For the better educated, Europe is a blessing, opening up a wealth of opportunity to them and their student kids. For the lower educated, Europe offers few direct advantages, more competition on the job market. Yet main parties have dismissed the concerns of these voters as "xenophobic, racist and outmoded".
Professor Bovens therefore argues the rise of the Freedom Party is not necessarily a bad thing and warns that simply dismissing Wilders & Co is taking the easy way out: "If you portray something as reprehensible, you no longer have to think about what's behind it."

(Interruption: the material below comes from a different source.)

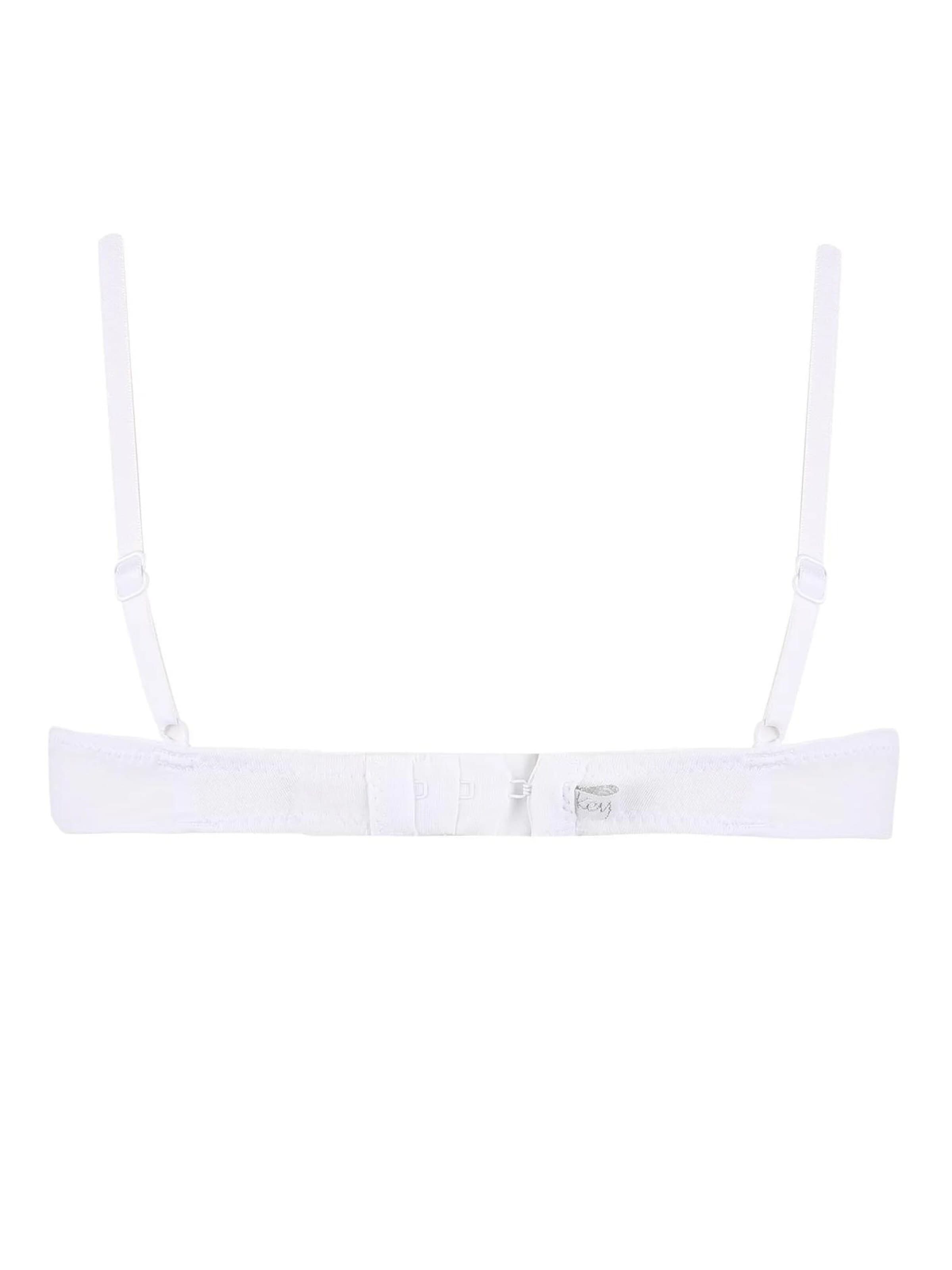 Key T-shirt Bra 'Biustonosz TBC 024' in White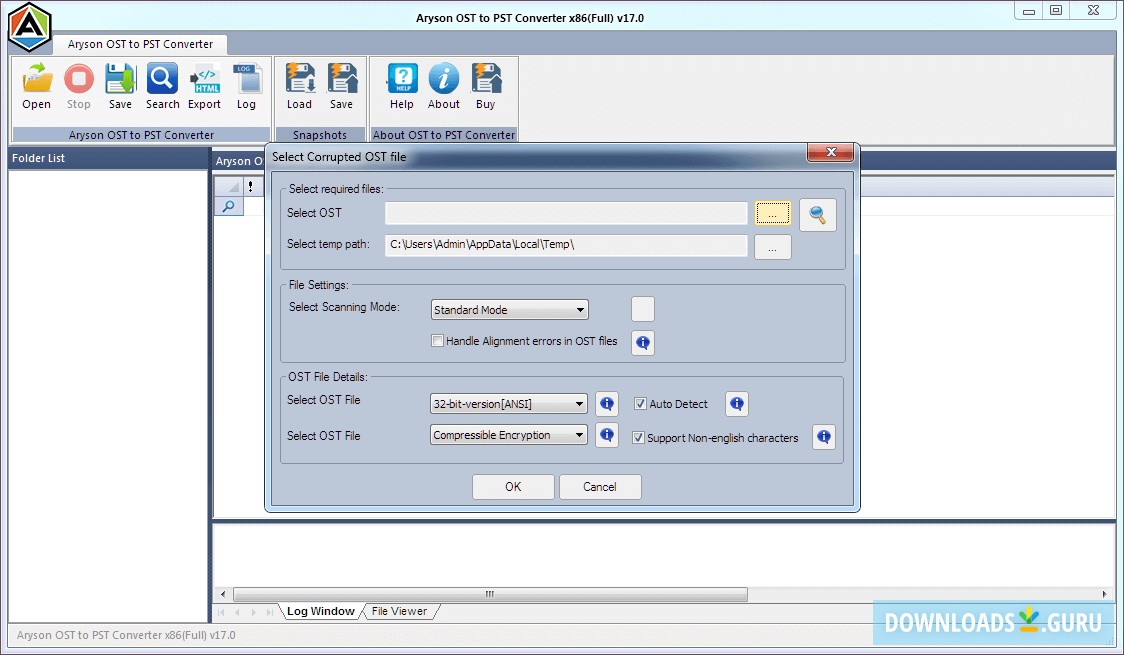 MSOutlook Help OST to PST Converter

Caterpillars of the apocalypse?
Several papers feature spooky images of trees and even cars shrouded in a ghostly grey mantle. "Modern art?" wonders Trouw. "Ectoplasm?" asks nrc-next fearfully. "Or The Exorcist meets Stephen King?"
But a closer look at its centrefold spread of a red Honda swathed in other-worldly gunk reveals the culprits ... thousands upon thousands of caterpillars. The coating consists of the sticky thread spun by the caterpillar of the ermine moth, on such a scale that it envelops entire rows of trees - and the odd motor vehicle.
It may look spectacular and scary but Trouw points out that it's all part of nature's annual cycle: the caterpillars are protecting themselves from birds while they transform into moths.
It has seldom been seen on such a scale as this year though, and de Volkskrant reveals this is due to the milder winters over the past 20 years.
"It's not dangerous, just icky" reassured a tree specialist quoted in AD. The trees will recover, and even the cars are not much the worse for wear after a couple of runs through the car wash.
Newspaper publishes rectification on economist Jan Pen’s death
De Volkskrant publishes a rectification on its front page today. On Sunday its website announced the death of economist Jan Pen only to find out later that the good man is still alive and well, and that it was a namesake who had died.
The paper is keen to emphasise that its blunder is far from unique but part of a glorious tradition of erroneous obituaries that takes in everyone from Mark Twain and Paul McCartney to Steve Jobs and Patrick Swayze.
AD caught up with "the man who's still around to read his own obituary" and got his reaction: "If only they'd checked their facts properly ... It's almost enough to make you laugh except that somebody dying is no laughing matter."
Trouw describes Professor Pen as "the man who got to look at his life from beyond the grave" and find out what people had to say about him: "an intriguing matter that everyone wonders about at least once in their lifetime."
The professor's son said: "He was happy with the piece about him in de Volkskrant" which described him as a "master storyteller and a brilliant macro-economist".